Abstract

In the last few decades an increased survival of very preterm infants has been described, but concerns remain about their neurodevelopmental outcome and catch-up growth. Sub-optimal growth may be the result of a complex interaction of perinatal factors including inadequate nutrition. The more preterm the infant and the lower the birth weight, the higher the risk of poor growth, not only in the immediate postnatal period but also in the long term. Both intrauterine growth retardation and extrauterine growth restriction are associated with lower weight, shorter length, lower weight-for-length ratio, and smaller head circumference later in childhood. Very preterm infants who suffer from serious morbidities like sepsis, prolonged ventilator dependency, bronchopulmonary dysplasia, or necrotizing enterocolitis are at greater risk for postnatal growth restriction, as are infants who received postnatal corticosteroids. Aggressive nutritional support could help to prevent severe growth problems in the very preterm infants and is probably also related to a better neurodevelopmental outcome. However, this is where a dilemma exists for the neonatologist: according to recent research good catch-up growth in preterm infants possibly results in morbidities later in adulthood, like insulin resistance, increased blood pressure, and increased mortality from coronary artery disease later in life.
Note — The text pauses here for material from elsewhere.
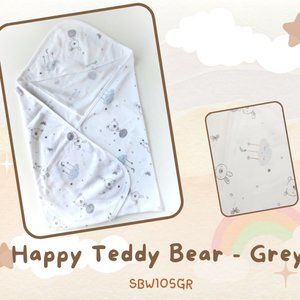Newborn/Infant/Baby/Wrapper/Swaddle/Envelope/Blanket/Towel/Happy Teddy Bear/Grey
Both bronchopulmonary dysplasia and the postnatal use of dexamethasone are important risk factors for poor growth later in childhood, irrespective of gestational age or birth weight. Severe intracranial ultrasound abnormalities like intraventricular hemorrhage grades 3 and 4, and cystic periventricular leukomalacia are also associated with poor growth later in childhood. This is true not only for head circumference but also for weight and length.